As far as I know, there is no technical or security reason why a Dnsmasq-like 
server would *need* this limitation, but Dnsmasq has it due to design 
limitiations.

Dnsmasq either responds to a request entirely locally (using /etc/hosts, 
records from the config file, and records from DHCP) or relies on the upstream 
server to provide the complete response. Since replies with CNAMEs must include 
the target record as well, a local CNAME to an upstream A/AAAA/etc. would have 
to combine a local and upstream response.
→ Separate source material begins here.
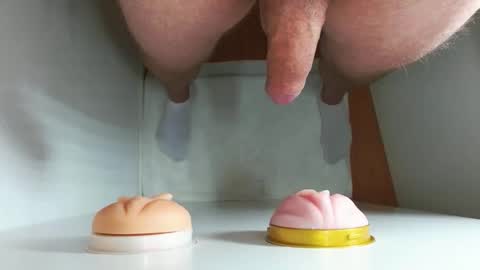 Snapshot of pude90 chatting on October 14, 6:42 am PuDe90 online show from October 14, 6:42 am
That's not possible with Dnsmasq's 
design..

Nick

On Sat, Nov 6, 2021, at 4:47 PM, Salatiel Filho wrote:
> Thanks, but I would like to know the reason why there is that limitation.
> Maybe Simon could explain the reason behind it.
>
>
> Atenciosamente/Kind regards,
> Salatiel
>
>
>
> On Sat, Nov 6, 2021 at 4:58 PM Horn Bucking <buckh...@weibsvolk.org> wrote:
>>
>> Hi, why does dnsmasq cname require an entry on /etc/hosts?
>>
>> From the dnsmasq man page:
>>
>> --cname=<cname>,[<cname>,]<target>[,<TTL>]
>> Return a CNAME record which indicates that <cname> is really <target>. There 
>> is a significant limitation on the target; it must be a DNS record which is 
>> known to dnsmasq and NOT a DNS record which comes from an upstream server.